Saved data entries:
§

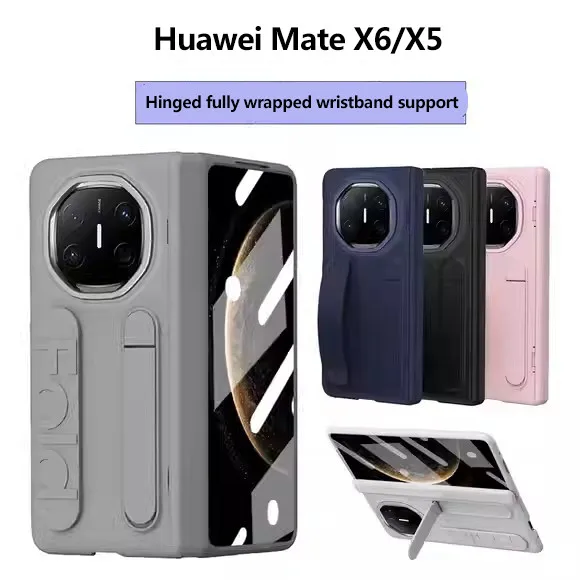 Matné matné puzdro pre huawei mate x6 x5 x3 5g náramok náramku stojan na prednú obrazovku Ochrana skla Plastový kryt plastový kryt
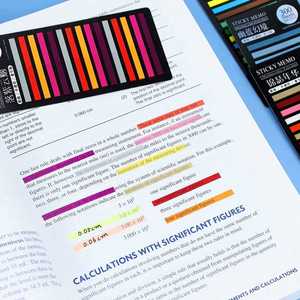 Pegatinas de Índice Transparentes Autoadhesivas, Notas Fluorescentes para Uso en la Oficina, el Hogar o la Escuela - Product Image 2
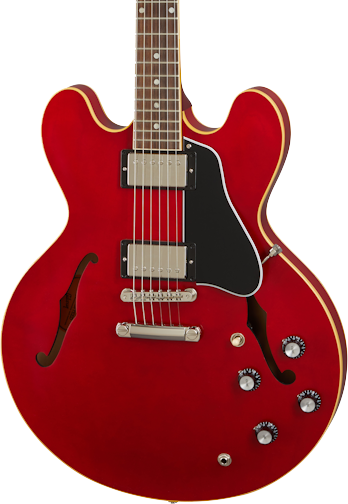 Gibson ES-335 electric guitar body in Satin Cherry Tone Shop Guitars Dallas Fort Worth
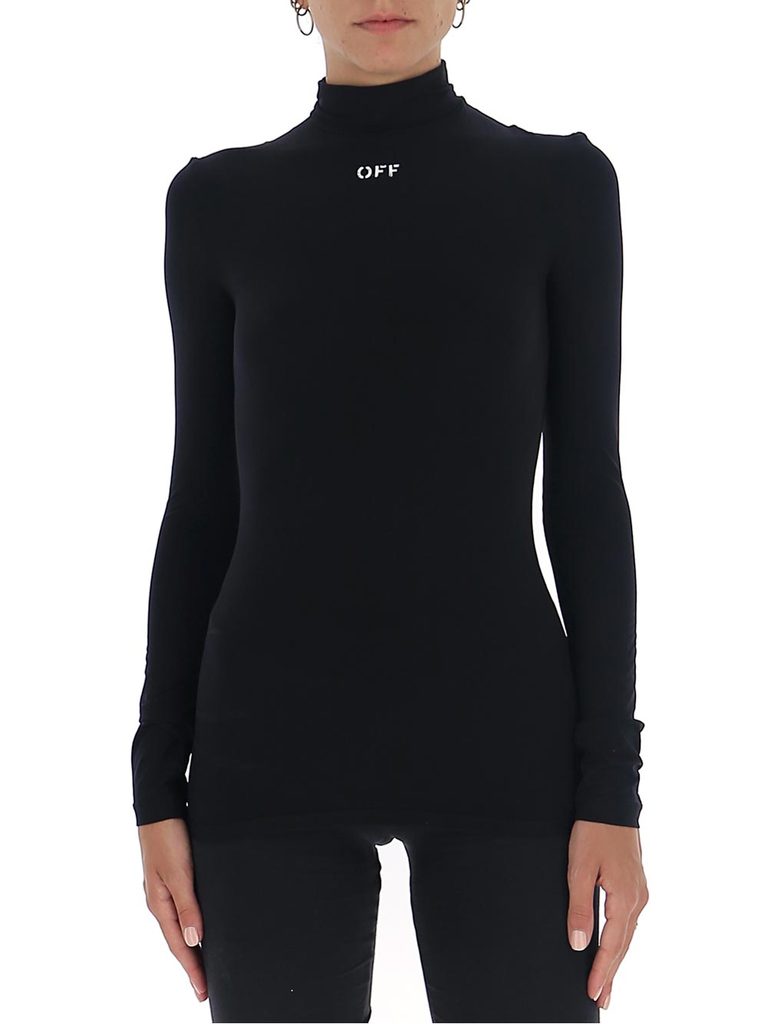 Off-White Logo Turtleneck T-Shirt $356.78 was $420.44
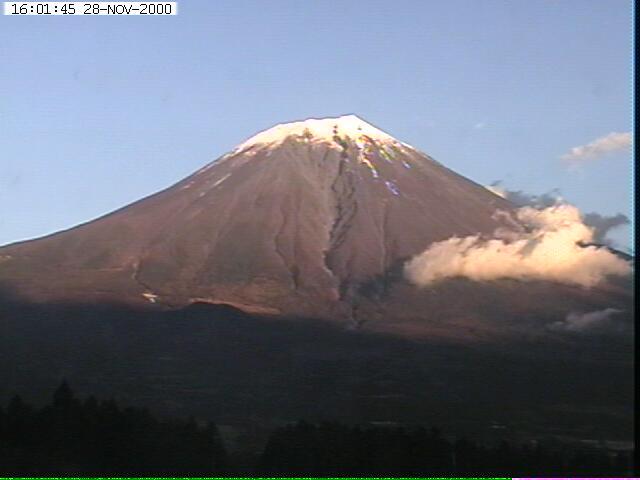 写真：富士宮から望む富士山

§

Exercise prompt:
Copy nothing outside the span: please output the lines from the one with "Gibson ES-335 electric" through the end of the entries above, and skip the pictures.

Answer below:
 Gibson ES-335 electric guitar body in Satin Cherry Tone Shop Guitars Dallas Fort Worth
 Off-White Logo Turtleneck T-Shirt $356.78 was $420.44
 写真：富士宮から望む富士山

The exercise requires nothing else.